Lire (édition abonnés) : Les Chabab somaliens, facteur d’instabilité régionale
Considérablement affaiblis depuis 2011, les Chabab continuent
toutefois de contrôler de vastes zones rurales de Somalie, notamment
dans le Sud. Le chaos politique qui règne dans le pays permet également
aux Chabab de continuer à mener régulièrement des attaques dans les
villes, notamment à Mogadiscio.
- Pourquoi les Chabab s'en sont-ils pris au Kenya ?
Longtemps, le Kenya a tenté de garder ses distances avec son voisin,
de peur d'importer chez lui la guerre civile qui y faisait rage. Mais
pour la première fois, en octobre 2011, il intervient militairement dans le conflit en Somalie,
pour tenter d'éradiquer définitivement les Chabab, alors en perte de
terrain.

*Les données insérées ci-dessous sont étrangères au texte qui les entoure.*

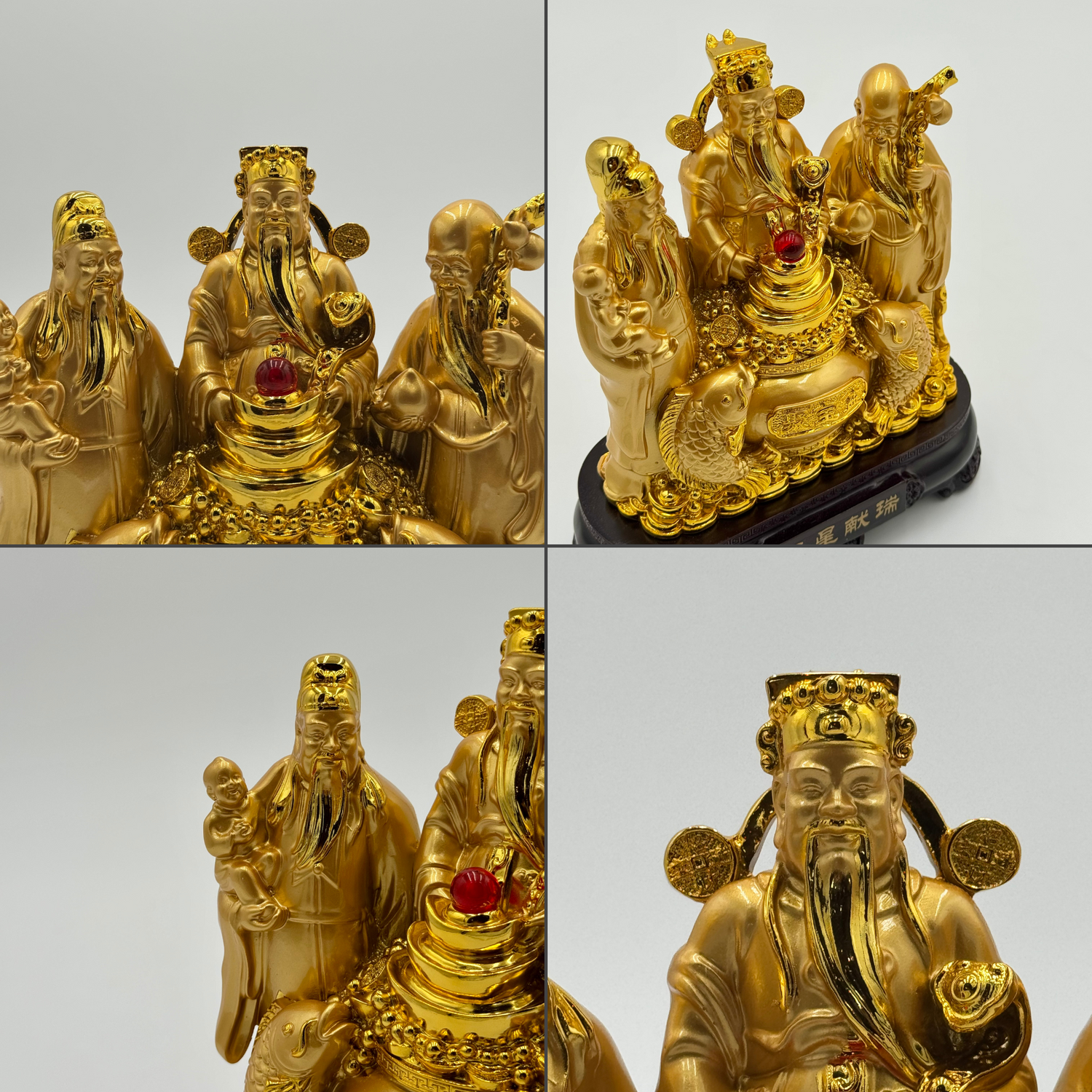 Golden Trinity of Fortune Fuk Luk Sau 21cm Default Title - Feng Shui Charms - Royal Dragon Decor Philippines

Accusés d'avoir commis plusieurs enlèvements d'étrangers, ces
derniers menacent l'industrie touristique, deuxième source de devises du
pays.
L'objectif affiché de l'intervention kényane est d'instaurer une zone tampon pour empêcher les incursions des Chabab au Kenya. « Notre intégrité nationale est compromise par de graves menaces de terrorisme, nous ne pouvons pas tolérer que cela se produise, justifie alors le gouvernement kényan. Cela signifie que nous allons désormais poursuivre les ennemis, il s'agit des Chabab, où qu'ils soient. »
Lire notre analyse : La Somalie, théâtre des ambitions kényanes
C'est depuis cette incursion militaire que les insurgés Chabab, qui
estiment résister à une invasion étrangère, ne cessent de menacer le
Kenya de représailles et sont déjà passés à l'action à plusieurs
reprises.
Lire : Le Kenya, théâtre de nombreuses attaques terroristes
Les Chabab disent ainsi avoir perpétré la tuerie de Garissa pour
punir le Kenya de sa présence militaire en Somalie au sein de l'Amisom
(environ quatre mille hommes aujourd'hui). Ils ont proféré de nouvelles
menaces au cours du week-end, promettant de « nouveaux bains de sang » dans les villes du pays et le menaçant d'une « longue, épouvantable guerre ».